Attributes under `kernels`:
* `arg_meta`: a list of "tensor arg name" entries. The value for these keys are dtypes and dim orders alias, that are implemented by the corresponding `kernel_name`. This being `null` means the kernel will be used for all types of input.
* `kernel_name`: the expected name of the
C++ function that will implement this operator. You can put whatever you want to
here, but you should follow the convention of replacing the `.` in the overload
name with an underscore, and lowercasing all characters. In this example,
`add.out` uses the C++ function named `add_out`. `add.Scalar_out` would become `add_scalar_out`, with a lowercase `S`. We support namespace for kernels, but note that we will be inserting a `native::` to the last level of namespace. So `custom::add_out` in the `kernel_name` will point to `custom::native::add_out`.
### Find operator base name
The base name is the part of the operator name before the `.`, excluding any
trailing underscores. The rest of this document refer to this as `<name>`.
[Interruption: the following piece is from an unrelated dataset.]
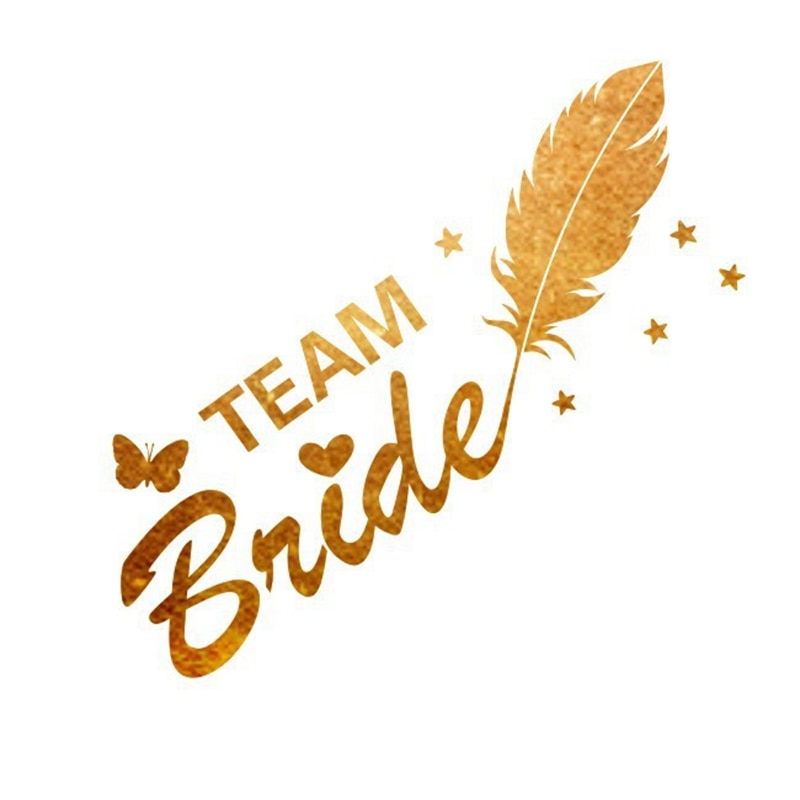 Klebetatoos, Tatoos JGA, Junggesellinnenabschied, JGA Accessoires, Team Bride Tatoo, Hochzeit, Party Tatoos, Gold Tatoo, Hochzeit, Hochzeits-Villa, Sticker JGA,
E.g., these operator overloads all have a base name of `add`:
- `add.Scalar`
- `add.Tensor`
- `add.out`
- `add_.Tensor`
So, if you were implementing `add.out` then your operator base name would be
`add`, and you would replace `<name>` with `add` everywhere below.
### Selective build
When using macros that require a `NAME` argument, eg. `#define ET_SWITCH_REAL_TYPES_AND(ADDITIONAL, TYPE, CONTEXT, NAME, CTYPE_ALIAS, ...)`, make sure to pass in the same operator name defined in `functions.yaml`. This is the base name + variant, eg. `add.out`, `add.Scalar_out`. The function name is required for dtype selective build, which matches against the operator names and dtypes present in a model.
### Overview of files and targets
For the operator base name `<name>`, you should work with these files and Buck
targets. Sections below give more details about what they should contain.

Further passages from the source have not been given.